# Big Big Issue Please Help !!! Desperate!!!



## digitalhater (Jun 19, 2008)

Hi guys,

I'm quite desperate!

Here is what happened:

I've bought an ASUS P5E (702 bios update) mobo with an Intel Core 2 Quad Q6600 @2,4 Mhz AND I've also bought a 4gb memory kit from Mushkin. It's a 2x2GB @1066Mhz kit (996599).
Now the real shitty part begins.

When I'm using only one 2gb stick @1066mhz everything works well, the timings are correct...it boots up in windows and works perfectly for hours...BUT when I'm using all the 4GB @1066mhz kit it just won't boot in bios and I have to set everything to AUTO.
I've tried switching the sticks to all the slots (yellow and black) still no effect. I've tried to push up the voltage to 2.1 and 2.2 still won't boot.
I have a Thermaltake Toughpower 600W PSU (just for the record).
Basicaly I've tried everything humanly possible to make both sticks work at 1066mhz. No result.

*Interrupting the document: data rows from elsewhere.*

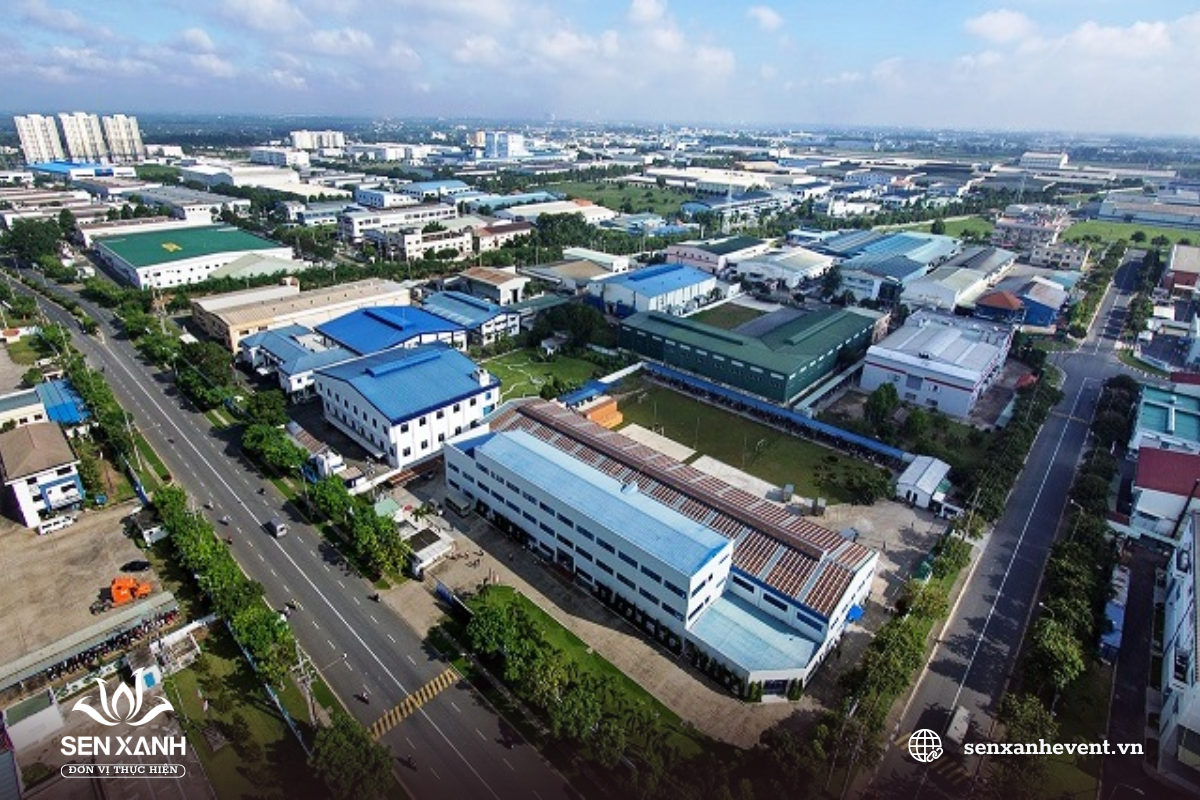 Khu công nghiệp Việt Hàn - Bắc Giang
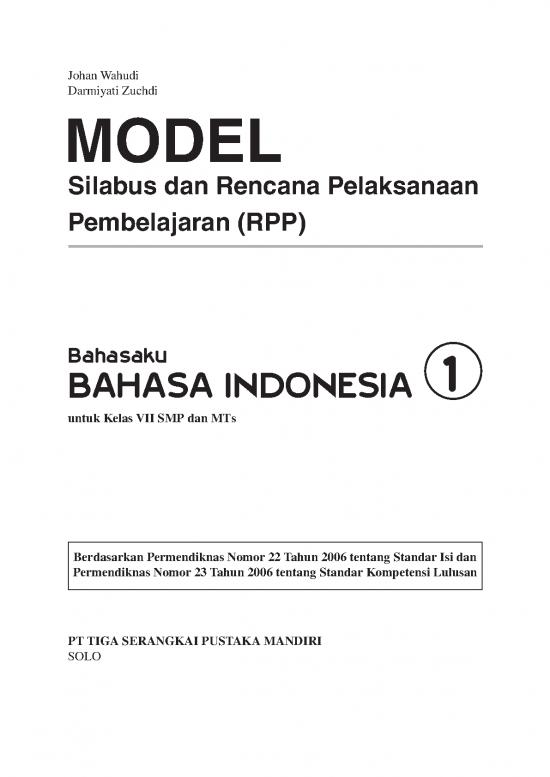 picture Silabus Rpp Bahasa Indonesia Smp Kelas Vii | Materi Kelas 7 - Bahasa Kelas Vii Id 17242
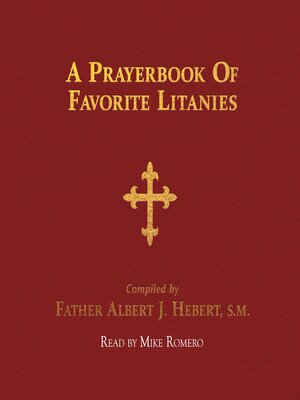 cover image of A Prayerbook of Favorite Litanies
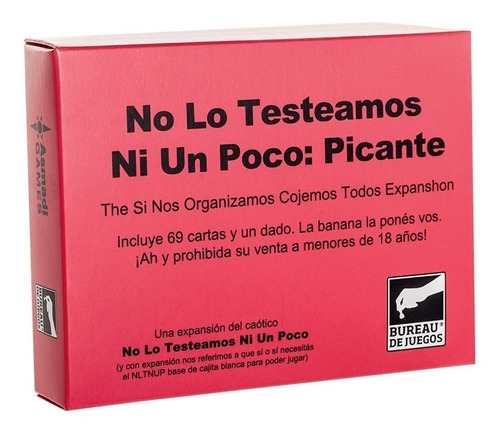 No Lo Testeamos Ni Un Poco Picante Buro Bureau Ideal Previa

The REALLY shitty part begins now. My appartment colleague has the same mobo,the same PSU the same CPU and the SAME MEMORY KIT.

I've tried his memory kit as well. The same problem: DOES NOT BOOT 4gb@1066mhz. NO DAMN WAY.

The difference between his system and mine is that he has an ASUS DVDR on SATA and instead of BFG 9800GX2 he has an ASUS ATI HD 3870.

I've tried my memory kit on his system and everything is perfect. I've tried downgrading the bios on all versions...NO RESULT.

When I'm setting the dram freq to AUTO it is setting the timings right for the 1066mhz (5-5-5-15) and as soon as I'm changin the frequency to 1066 the timings are automatically adjusted to 5-5-5-18. If I try to set them to 5-5-5-15 and it seems it does not save them...however still this does not work.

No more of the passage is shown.